I don't understand what the correct form of this inequality is

[handicapped_runner]

I have the following inequality:
[MATH] (C+Bk)(1-m)+B(m+f)(1-a)>0 [/MATH]I follow the following steps:
[MATH] (C+Bk)(1-m)>-B(m+f)(1-a)\\ C(1-m)>-B(m+f)(1-a)-Bk(1-mm)\\ \frac{C}{B}(1-m)>-(m+f)(1-a)-k(1-mm)\\ \frac{C}{B}>\frac{-(m+f)(1-a)-k(1-m)}{1-m}\\ \frac{-C}{B}<\frac{(m+f)(1-a)+k(1-m)}{(1-m)}\\ [/MATH]Is this correct? But what if I do the opposite, that is:
[MATH] B(m+f)(1-a)>-(C+Bk)(1-m)\\ B(m+f)(1-a)>-C(1-m)-Bk(1-m)\\ B((m+f)(1-a)+k(1-m))>-C(1-m)\\ B((m+f)(1-a)+k(1-m))>-C(1-m)\\ B>-C\frac{(1-m)}{((m+f)(1-a)+k(1-m))}\\ \frac{B}{-C}<\frac{(1-m)}{((m+f)(1-a)+k(1-m))}\\ [/MATH]They are clearly describing different things so I feel like I'm doing something wrong, but I cannot figure out what and which result is the correct one. Sorry, not a mathematician, I hope this isn't a very stupid question. C and B are positive(>0), while the other variables are between 0 and 1.

 

[Dr.Peterson]

If everything is positive, and a and m are between 0 and 1, then in each case the left-hand side is negative and the right-hand side is positive, so both inequalities are necessarily true (and not very informative). Without looking more closely, it appears that B and C are not really restricted by the inequality.

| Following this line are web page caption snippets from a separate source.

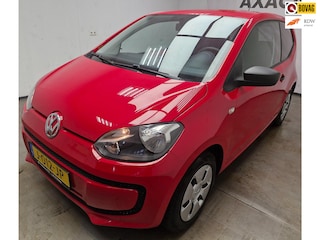 Volkswagen Up 1.0 take up! AIRCO ! GARANTIE ! NIEUWE APK !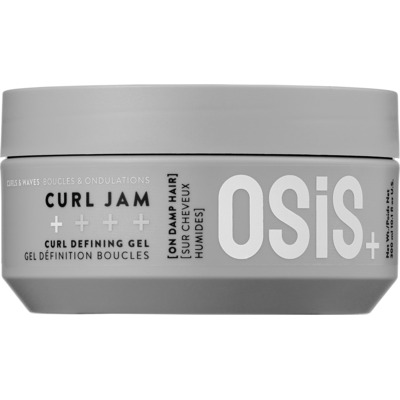 OSIS+ Curl Jam Gel Définition Boucles Schwarzkopf 300ml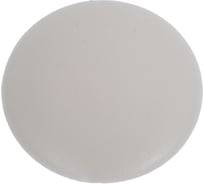 Заглушка Hafele белая, D=15/10 мм 045.00.743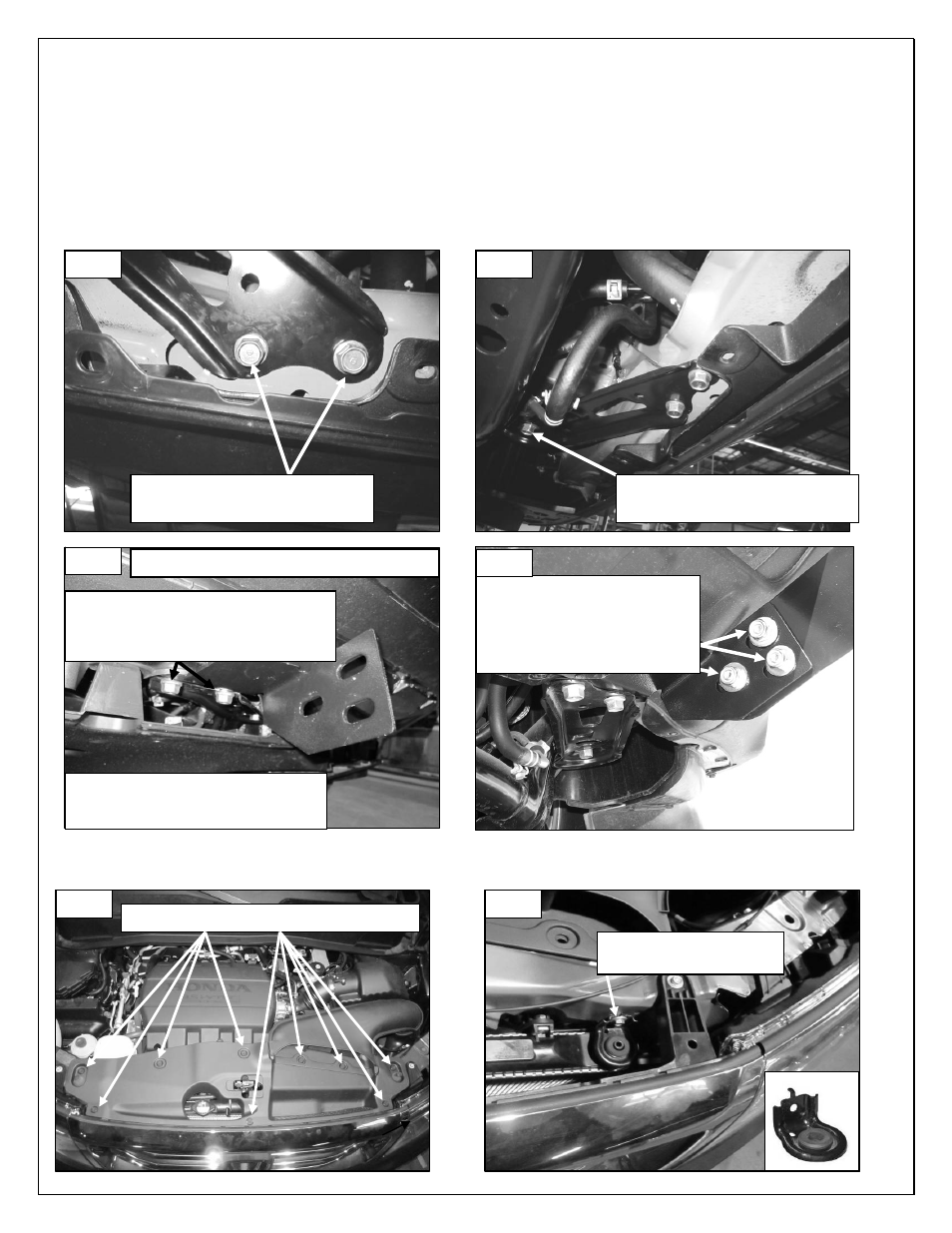 Aries Automotive 6056-2 User Manual | Page 3 / 4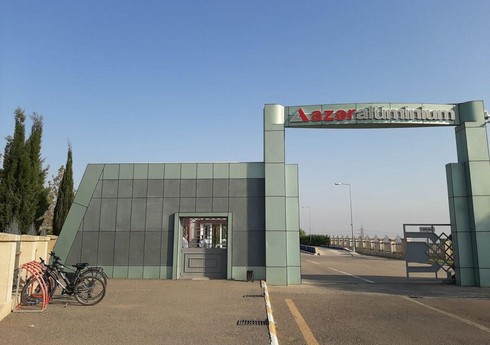 “Azəralüminium”un xalis mənfəəti 8 % azalıb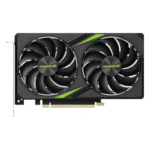 Manli Nebula GeForce RTX 5060 8GB GDDR7 Twin Fan GPU with HDMI and DisplayPort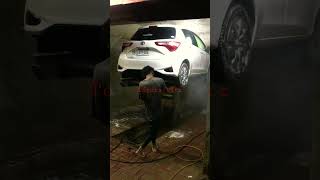 Toyota Vitz model 2017 full serviceshortvideo youtubeshorts love [upl. by Haggerty]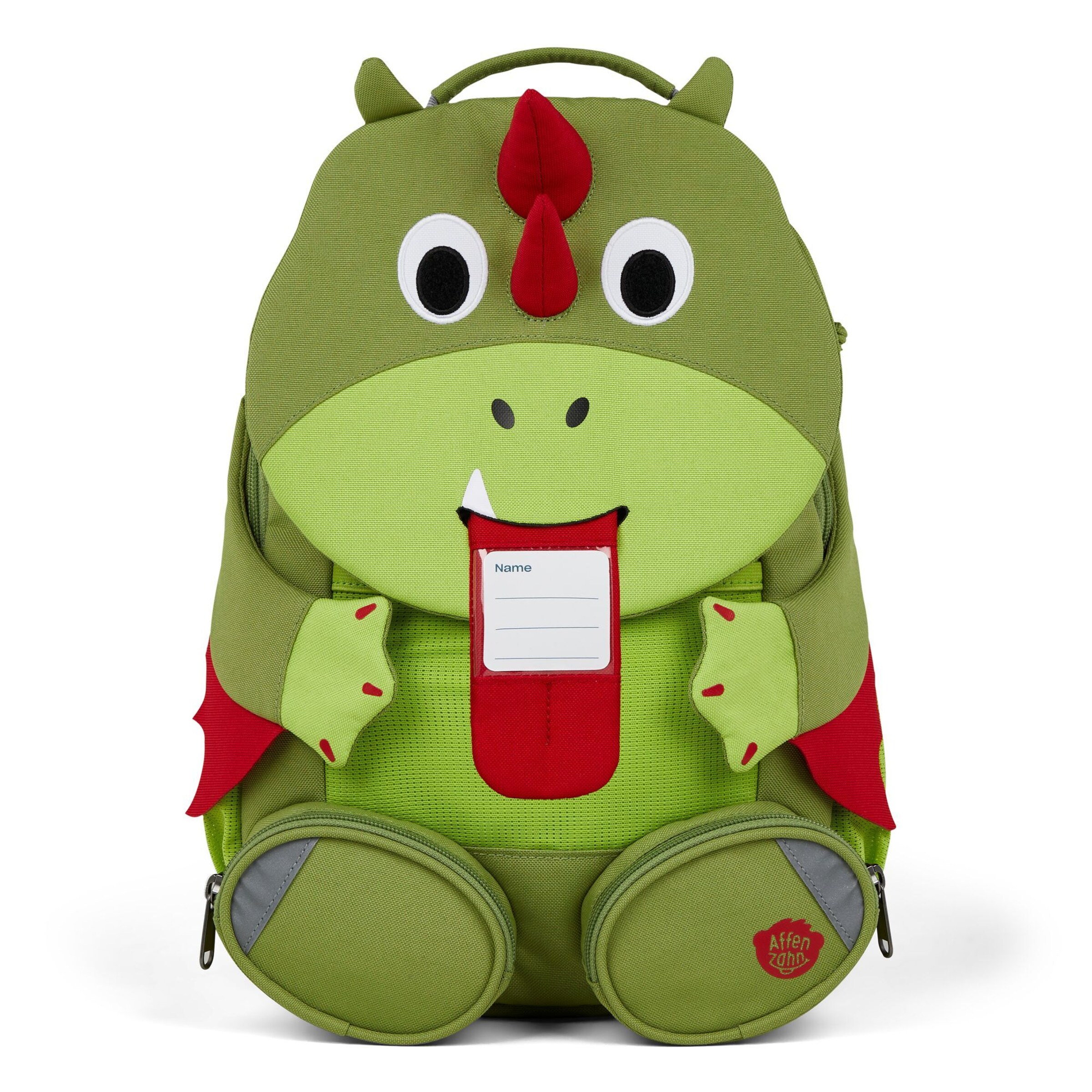 Affenzahn Backpack in Green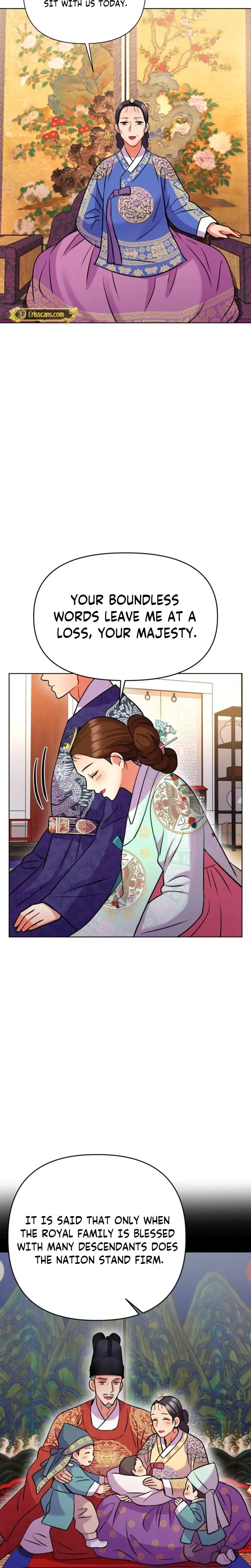 The Crimson Bride Chapter 16 - Page 18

But all your work looks good!

 

[AmandasMathHelp]

I know the end results look different and at first glance I thought about the rule that when you flip a fractional inequality you have the change the sign. (If a/b <c/d then b/a > d/c) but that rule doesn't apply the same when a negative is involved.

Looking at them, on both their left sides they would have a negative number and both the right sides would be a positive number so clearly the left sides being less than the right are all good for both of them. Nice work!